Arnait Video starts work in Igloolik on new feature film
Isuma team tackles modern life
Arnait Video Productions and Kunuk Cohn Productions will explore the relationship between a mother and son during a homecoming to Igloolik in their new film Uvanga (Myself), which began filming in Igloolik July 9.
Arnait, which started in Igloolik in 1991 with the Tarriaksuk Video Centre as an initiative of Igloolik Isuma Productions, produces work featuring women’s stories.
The plot of Uvanga, directed and written by Marie-Helen Cousineau, follows a woman, Anna and her 14-year-old son Tomas, who return to Igloolik
Anna, when she first worked in Igloolik, had a short-lived affair with Tomas’s Inuk father.
The film will attempt to show the differences between the Igloolik of the 1950s and 1960s and today’s modern life and incorporates English dialogue, said Arnait co-founder Madeline Piujuq Ivalu, who acts in the film.
“They’re filming a more modern film,” she said, adding that everything is going well with the production and that the crew is on schedule, with filming slated to take about a month.
“The weather is co-operating,” she said.
The cast will star Montreal based actress Marianne Farley and newcomer Lukasi Forrest, as well as Piujuq Ivalu, Pakak Innusuk and Peter-Henry Arnatsiaq.
Forrest’s character, Tomas is curious about the culture of his father, who he never knew. His homecoming then, brings back painful memories that he and his mother experienced together.

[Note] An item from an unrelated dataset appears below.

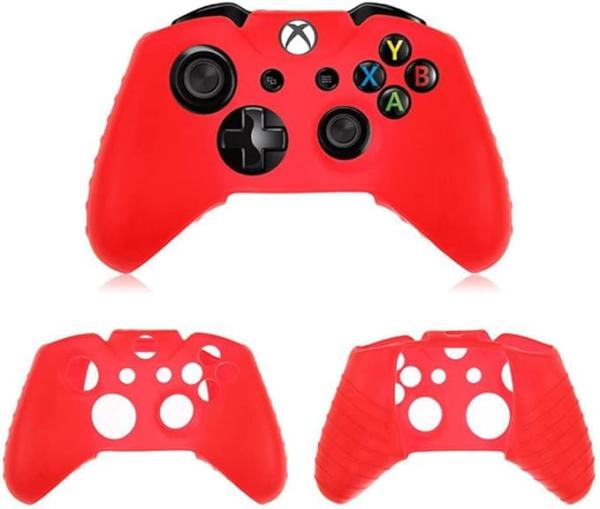 Cheap Soft Protector Cover For Microsoft Xbox One Controller - Color Red for sale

“Over two weeks that seem like one long day under that relentless Arctic sun, Anna and Tomas strive to rebuild the family they could no longer ignore,” Arnait’s news release said.
The work is produced by Cousineau and Stephane Rituit. The executive producers include Piujuq Ivalu, Susan Avingaq and Zacharias Kunuk.
Arnait and Kunuk Cohn Productions are the same team that won an award for best first Canadian feature film for Before Tomorrow at the Toronto International Film Festival in 2008.
Kunuk is best known for his film, Atanarjuat: The Fast Runner.
Most of the funding for the project comes from the Canadian Media Fund, Telefilm Canada, SODEC, Nunavut Film and First Air, and the Nunavut Independent TV Network.